Finally, we’ll add state and country boundaries to provide some context. The R package rnaturalearth is an excellent source of attribution free contextual GIS data.

# natural earth boundaries
countries <- ne_countries(returnclass = "sf") %>% 
  st_geometry() %>% 
  st_transform(crs)
states <- ne_states(iso_a2 = "US", returnclass = "sf") %>% 
  st_geometry() %>% 
  st_transform(crs)

# define the map extent with the michigan polygon
mi_ext <- mi %>% 
  st_geometry() %>% 
  st_transform(crs)
plot(mi_ext)
# add basemap
plot(countries, col = "#cfcfcf", border = "#888888", add = TRUE)
# add data
plot(abd_projected, 
     breaks = bins, col = pal, 
     axes = FALSE, legend = FALSE, add = TRUE)
# add boundaries
plot(countries, col = NA, border = "#888888", add = TRUE)
plot(states, col = NA, border = "#888888", add = TRUE)

# add legend
# label the bottom, middle, and top
labels <- quantile(bins, c(0, 0.5, 1))
plot(abd_projected, zlim = c(0, 1), legend.only = TRUE, 
     col = pal, breaks = seq(0, 1, length.out = length(bins)), 
     legend.shrink = 0.9, legend.width = 2,  
     axis.args = list(at = seq(0, 1, length.out = length(labels)), 
                      labels = signif(labels, 3),
                      col.axis = "black", fg = NA,
                      cex.axis = 0.9, lwd.ticks = 0,
                      line = -0.5))

Extracting trajectories with uncertainty

Next, we’ll look at the temporal component of the relative abundance data. Using the weekly relative abundance cubes, we can chart the change in relative abundance throughout the year for a fixed location. Furthermore, using the upper and lower confidence interval rasters, we can add uncertainty estimates. We often refer to these as relative abundance trajectories.

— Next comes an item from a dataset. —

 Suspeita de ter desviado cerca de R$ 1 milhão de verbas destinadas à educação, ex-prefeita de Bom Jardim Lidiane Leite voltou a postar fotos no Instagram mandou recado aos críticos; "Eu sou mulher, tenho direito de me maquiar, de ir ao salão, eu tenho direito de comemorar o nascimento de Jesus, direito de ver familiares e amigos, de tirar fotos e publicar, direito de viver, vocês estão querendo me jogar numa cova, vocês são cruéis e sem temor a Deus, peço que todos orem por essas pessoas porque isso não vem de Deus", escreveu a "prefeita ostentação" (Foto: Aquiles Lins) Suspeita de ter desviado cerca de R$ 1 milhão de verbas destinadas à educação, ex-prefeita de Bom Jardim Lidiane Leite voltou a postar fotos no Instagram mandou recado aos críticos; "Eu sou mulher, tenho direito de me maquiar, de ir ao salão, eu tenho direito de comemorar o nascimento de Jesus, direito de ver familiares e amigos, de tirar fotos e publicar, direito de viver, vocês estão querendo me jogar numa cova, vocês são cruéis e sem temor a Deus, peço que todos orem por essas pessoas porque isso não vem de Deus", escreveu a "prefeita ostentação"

Let’s start by loading all the necessary relative abundance cubes.

abd_median <- load_raster(path, product = "abundance", 
                          metric = "median", resolution = "lr")
abd_lower <- load_raster(path, product = "abundance",
                         metric = "lower", resolution = "lr")
abd_upper <- load_raster(path, product = "abundance", 
                         metric = "upper", resolution = "lr")

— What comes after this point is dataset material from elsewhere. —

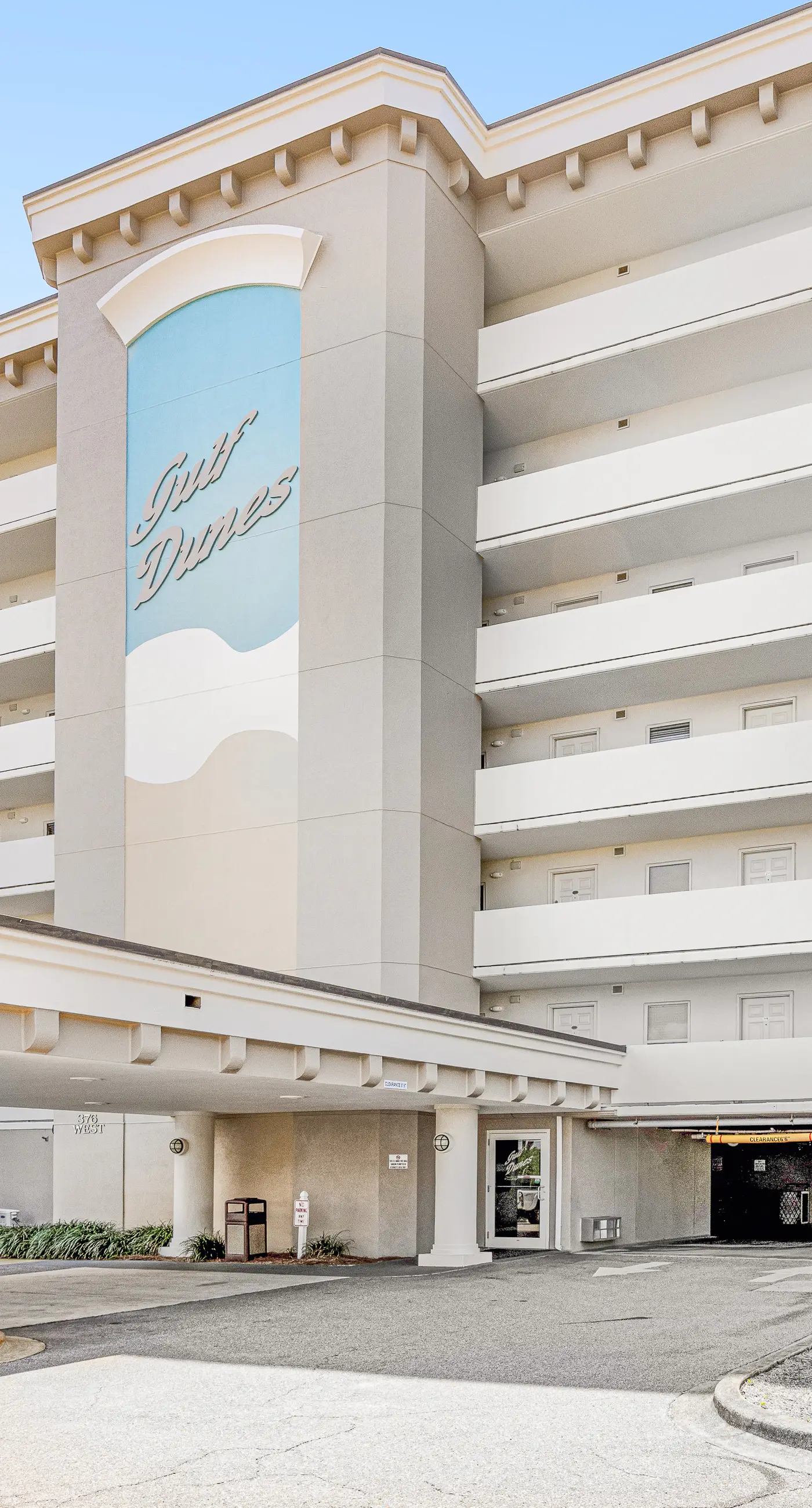 Gulf Dunes 512 - Beachfront condo with gulf views, pool, & balcony - near dining,attractions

Now we’ll extract the values for a fixed location.

# set a point
pt <- st_point(c(-88.1, 46.7)) %>% 
  st_sfc(crs = 4326) %>% 
  st_transform(crs = st_crs(abd_median)) %>% 
  st_coordinates()

# extract
traj_median <- extract(abd_median, pt, fun = mean, na.rm = TRUE)[1, ]
traj_upper <- extract(abd_upper, pt, fun = mean, na.rm = TRUE)[1, ]
traj_lower <- extract(abd_lower, pt, fun = mean, na.rm = TRUE)[1, ]

# plot trajectories
plot_frame <- data.frame(x = 1:length(traj_median),
                         y = unname(traj_median),
                         lower = unname(traj_lower),
                         upper = unname(traj_upper))
ggplot(plot_frame, aes(x, y)) +
  geom_line(data = plot_frame) +
  geom_ribbon(data = plot_frame, 
              aes(ymin = lower, ymax = upper), 
              alpha = 0.3) +
  ylab("Relative abundance") +
  xlab("Week") +
  theme_light()

Regional statistics

In addition to maps and visualizations, the eBird Status and Trends website provides a set of statistics summarizing the spatial data over regions (countries and states) and seasons. The five regional statistics are:

  1. Mean relative abundance: the average estimated relative abundance within the given region.
  2. Percentage of seasonal population: the sum of the estimated relative abundance within the selected region divided by the sum of the estimated relative abundance across the full range.
  3. Percentage of region occupied: the percentage of the selected region within the range boundary of a species.
  4. Percentage of range in region: the fraction of a species’ total range that falls within the selected region.
  5. Days of occupation in region: the number of days that a species occupies the selected region, with occupation being defined as spatially covering the selected region by at least 5% based on estimated relative abundances averaged across the given season.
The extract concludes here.